Lead Magnets Are Excellent Conversation Starters
A lead magnet is something you give to potential customers in exchange for their contact information. It’s a great way to start a conversation with your ideal buyer and introduce them to your products and services.
They’re used to help marketers build email lists or to help generate warm sales leads.
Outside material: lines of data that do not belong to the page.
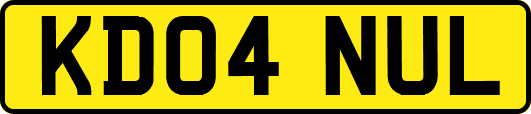 KD04NUL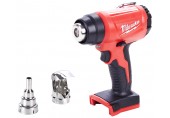 Milwaukee M18 BHG-0 Aku teplovzdušná pištoľ (18V/bez aku) 4933459771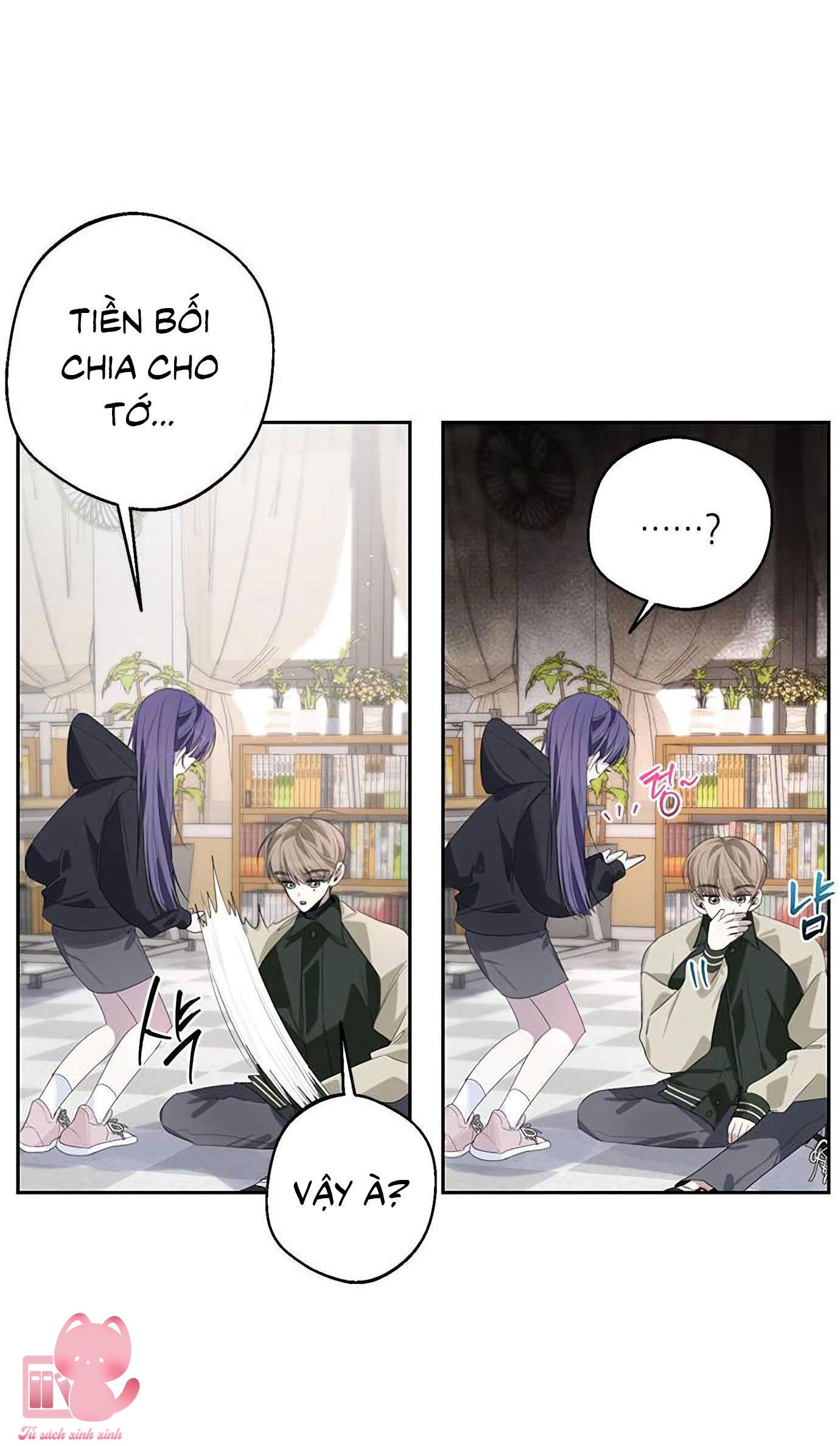 Đàn Anh Xấu Xa! - Chap 45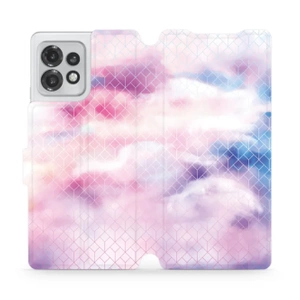 Etui do Motorola Edge 40 Pro - wzór MR02S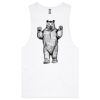 AS Colour - Barnard Tank Top - Muscle Tee Thumbnail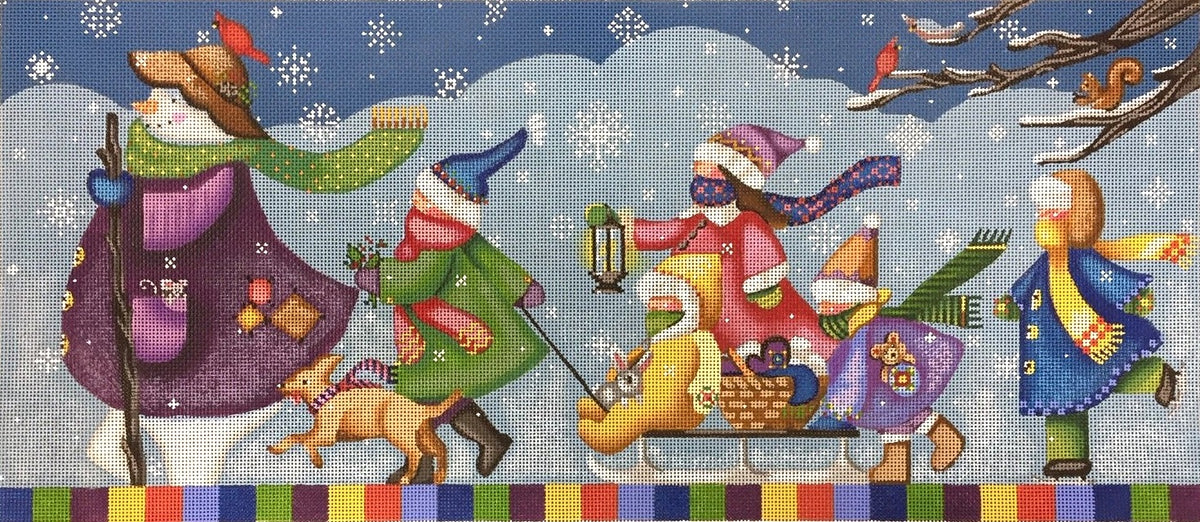 ADP214 - Snow Parade March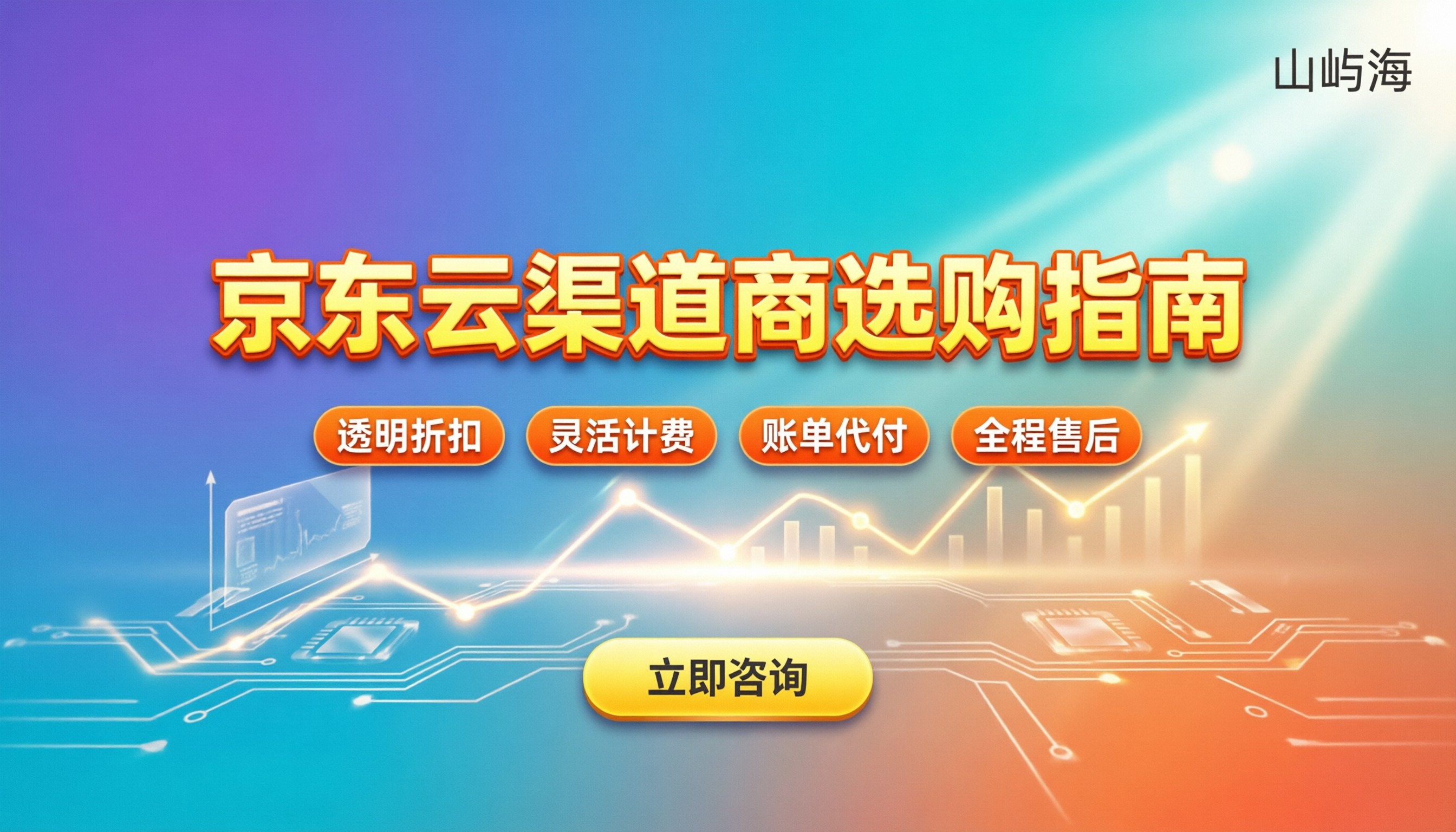 京东云渠道商哪家好：最新代理商排名与选购指南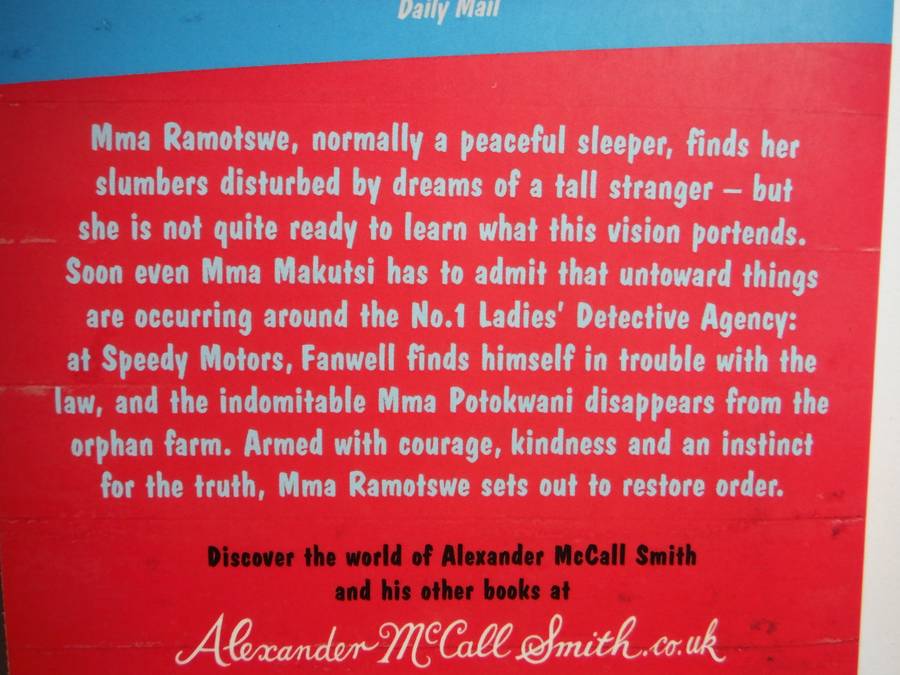 The Limpopo Academy of Private Detection - Paperback - Alexander McCall Smith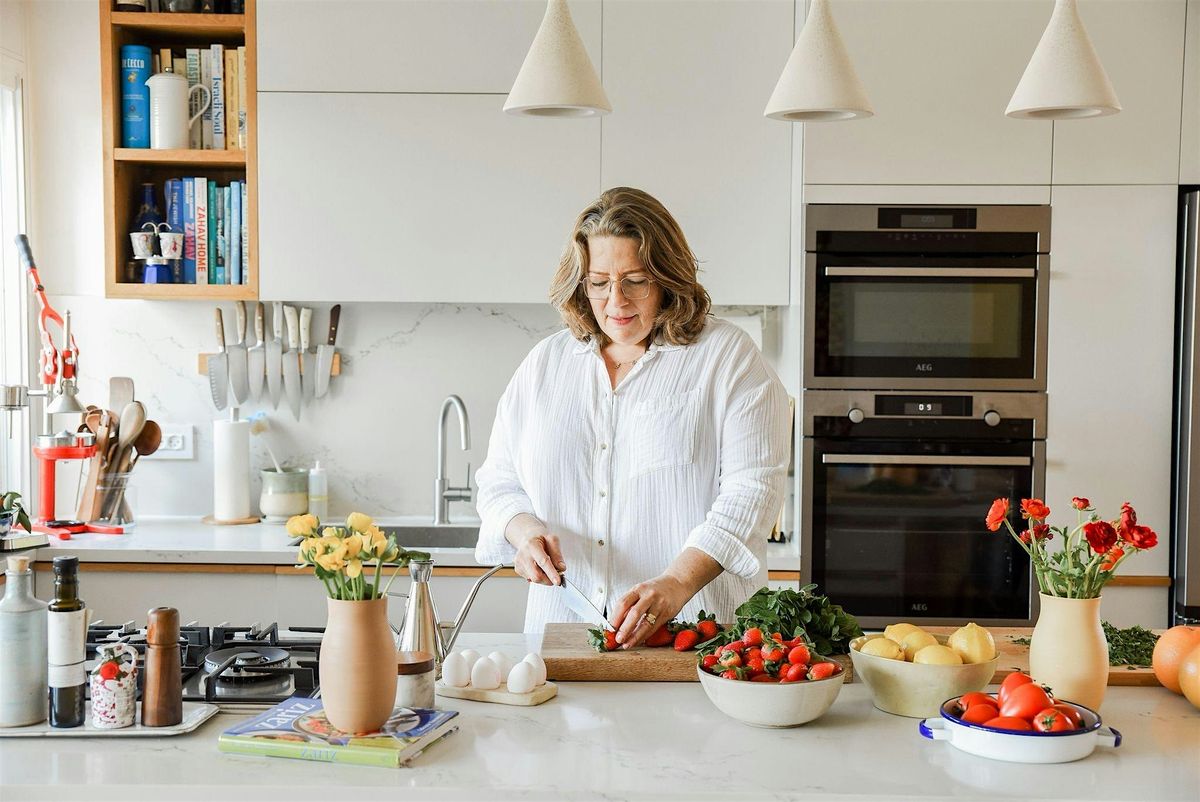In Conversation with Adeena Sussman
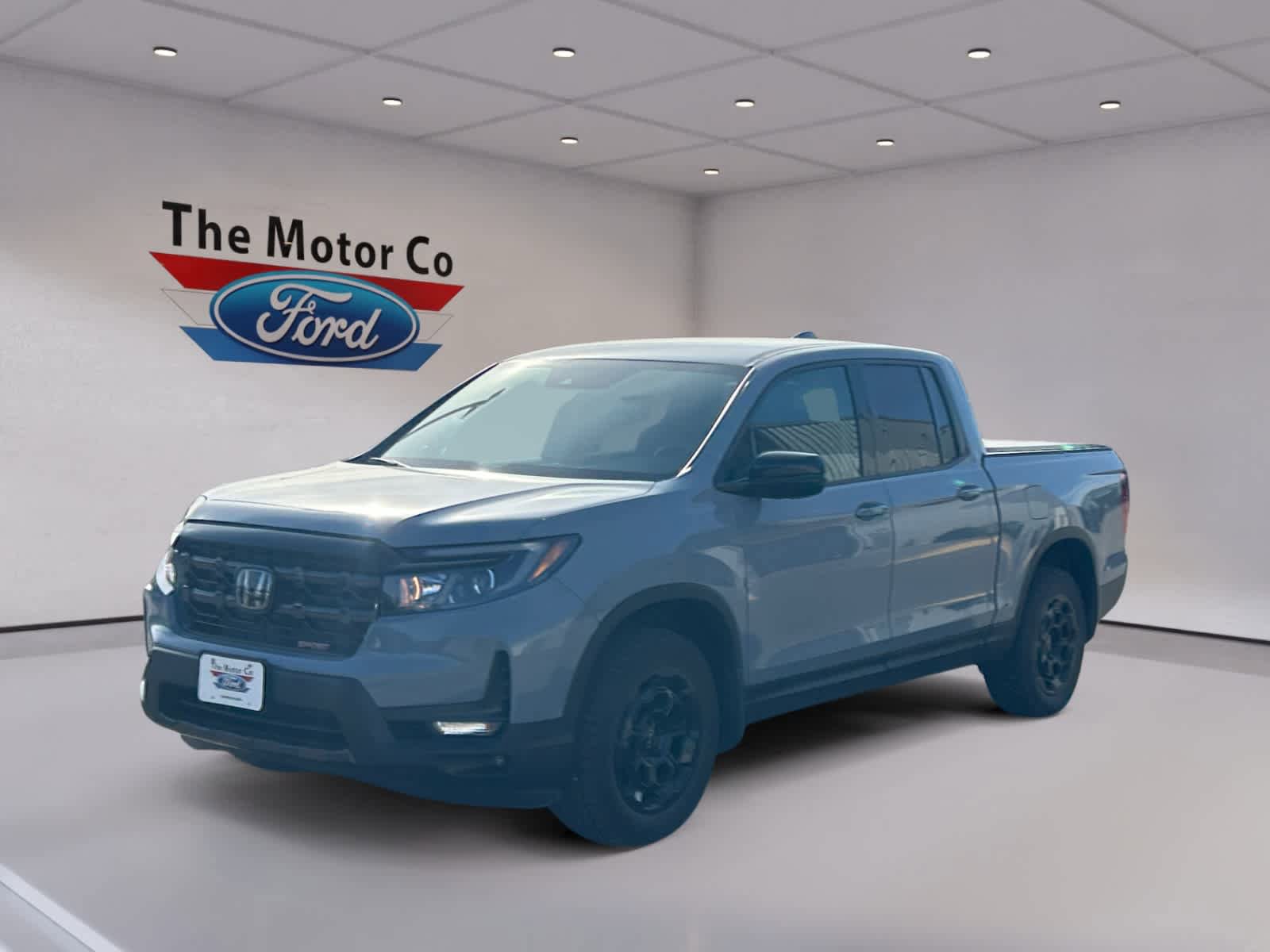 Used 2025 Honda Ridgeline Sport+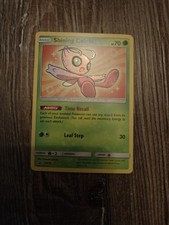 SM Promos #SM79 Shining Celebi on eBay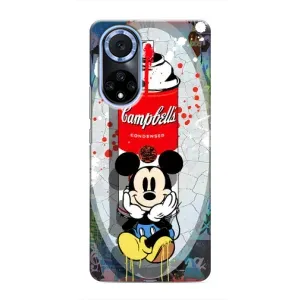 Чохол Disney Mouse Huawei Honor X7b (PREMIUMPrint) (Американський Маус)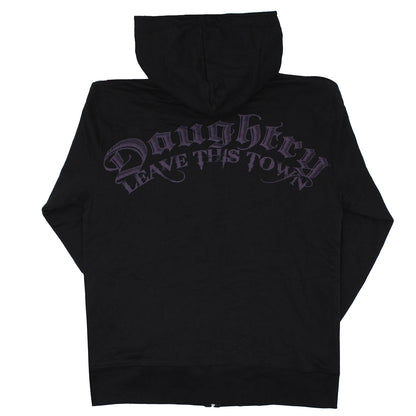 Daughtry Leave This Town Zippered Hooded Sweatshirt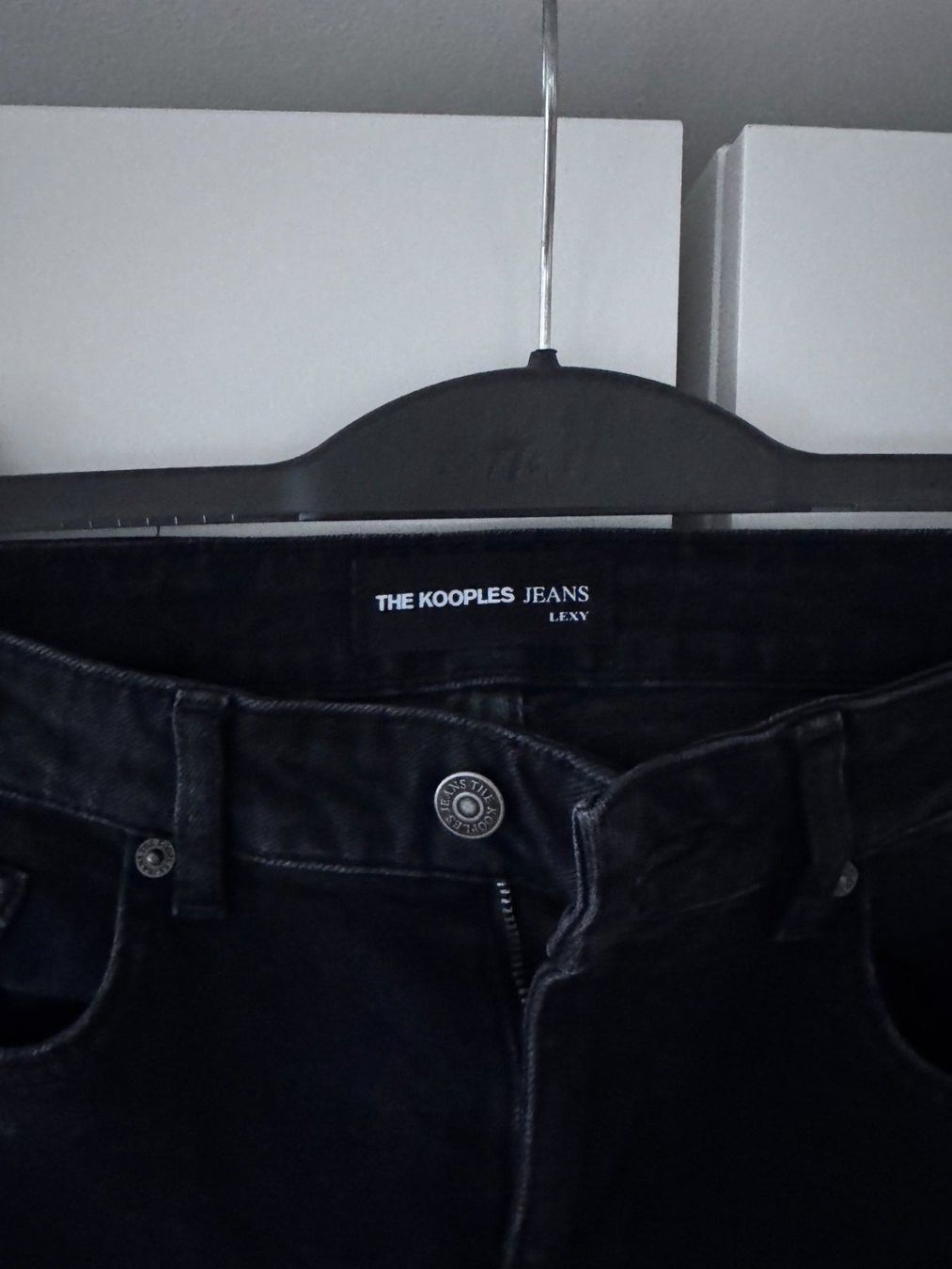 Kooples Jeans: The Kooples Jeans Lexy | Grösse 28 – Usato da Lajoux JU venduto da plise 1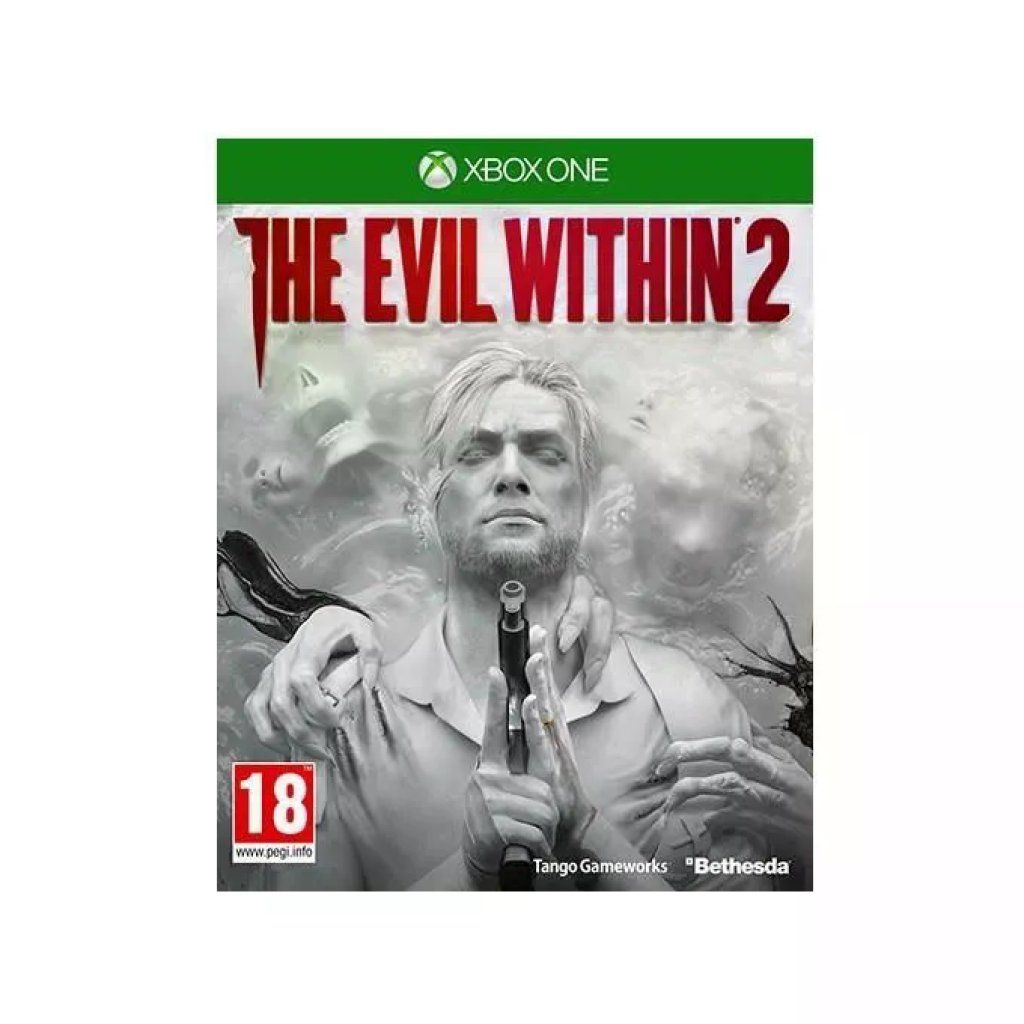 KOCH MEDIA Bethesda 1022947 The Evil Within 2 Videogioco per Xbox One Genere Survival Horror Anno 2017 PEGI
Sophisticated marketers will assign prospects with a “lead score” based on the content they’ve downloaded or interacted with.
For example: at Lightspeed, a Canadian player in the retail and restaurant POS business, readers who download the POS Buyer’s Guide are more likely to buy than readers who download Guide to GDPR Policy.
Here are some common types of lead magnets:
- Free webinars
- eBooks and Guides
- Whitepapers and Reports
- Copywriting Audit
- Sales Scripts
- Free consultation
- Free email course
- Free audio course
eBooks are the most popular type of lead magnet and are often delivered through various pop-ups on websites. Their ubiquitous nature means they’re perceived by readers as familiar and safe.
When Should You Use Lead Magnets?
Here are common use cases for lead magnets you might have seen in the wild.
1. Building an email list.
Most solopreneurs use lead magnets, ebooks or webinars, to attract potential buyers onto their email list where they can be nurtured. The email list is where they will pitch their courses and high ticket services, as well as announce their exclusive discounts.
2. Build a list of prospects and leads for a salesforce.
As mentioned, Lightspeed uses lead magnets to populate their CRM with prospects that can be contacted by the inside sales team. This is accomplished through a broad mix of assets: eBooks and Guides are helpful for buyers just starting to ask questions, while group webinars can be used to educate a buyer while also moving them closer to a buying decision.
3. To activate current (and prospective) customers.
Lead magnets are also used to drive desired behavior after a purchase is made. For example, SaaS companies can benefit from aligning content and lead magnets to challenging points in their customer's activation.
For example, YNAB, a popular budgeting software, offers free 20-30 minute workshops that teach potential and active users how to get started with their methodology. This turns something complicated like learning a new budget system into a selling feature; case in point, I cried during the class I took with them (~4 years ago) because it was the first time I felt like I really understood the power of budgeting. I've been a user of their software ever since.